To repeat, I’m not making any argument, I’m simply quoting Thomas, and Thomas doesn’t imply that God never overrides laws of nature, it’s simply Thomas doesn’t need that for his argument to work.

As I pointed out in my post to tweedlealice St Thomas believed natural evil is incidental.
Do you believe God determines precisely where everyone is located at every moment?
Rather than denying omniscience, Thomas says “We must remember that properly speaking ‘necessary’ and “contingent” are consequent upon being, as such. Hence the mode both of necessity and of contingency falls under the foresight of God, who provides universally for all being; not under the foresight of causes that provide only for some particular order of things.”

In other words God permits rather than causes evil. It is an unwanted side effect.
Is harm evil?
To repeat, Thomas says God permits these events in His providence since otherwise “much good would be absent from the universe”. He gives examples: “A lion would cease to live, if there were no slaying of animals; and there would be no patience of martyrs if there were no tyrannical persecution”. So, according to Thomas, harm occurs since the alternative would be that less good exists.
Then we agree!
Does God cause the sparrow to fall?
The problems exist in your interpretation of Providence in which God is directly responsible
  • for every single event in the universe including disasters and human atrocities, apparently determines precisely where everyone is located at every moment and ensures that all events have positive consequences even when they are harmful.
    To repeat, I’m not making any argument, I’m simply quoting Thomas. He divides causes into primary (God) and secondary. Secondary causes (eventually) serve the primary cause, and include accidents of nature, both negative and positive, and human free will, both negative and positive.
Whereas your theory omits to even mention human free will, and sets up Chance with a capital C as a primary cause on the same level as Design with a capital D.

Free will doesn’t come into the picture of natural evil.
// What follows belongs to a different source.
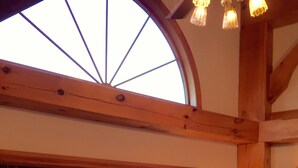 Ein Zimmer mit großem Fenster und Blick auf eine gebirgige Landschaft, Holzbalkendecke und einer gepolsterten Sitzecke mit floralem Kissen.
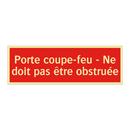 Porte coupe-feu - Ne doit pas être obstruée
Evil is subordinate to goodness. That is why I always put the + first because it has precedence over the - 😉
Sorry for lateness of reply, I’m very busy.
Don’t worry. In philosophy time is irrelevant. 🙂
 
Quote mining. It seems you only permit that when you do it. ;)😃
That’s uncivil, I’ve linked to the arguments he uses and no one, including you, has said any of the quotes are out of context.

And for those who don’t know, you currently have a thread where you’ve quoted around 400 people, none of them in any context whatsoever, and without even citing references, so for all anyone knows you’ve not bothered to check provenance and just took them from dodgy websites.

Did you know that “practice what you preach” comes from Jesus’ warning against hypocrisy in Matt 23?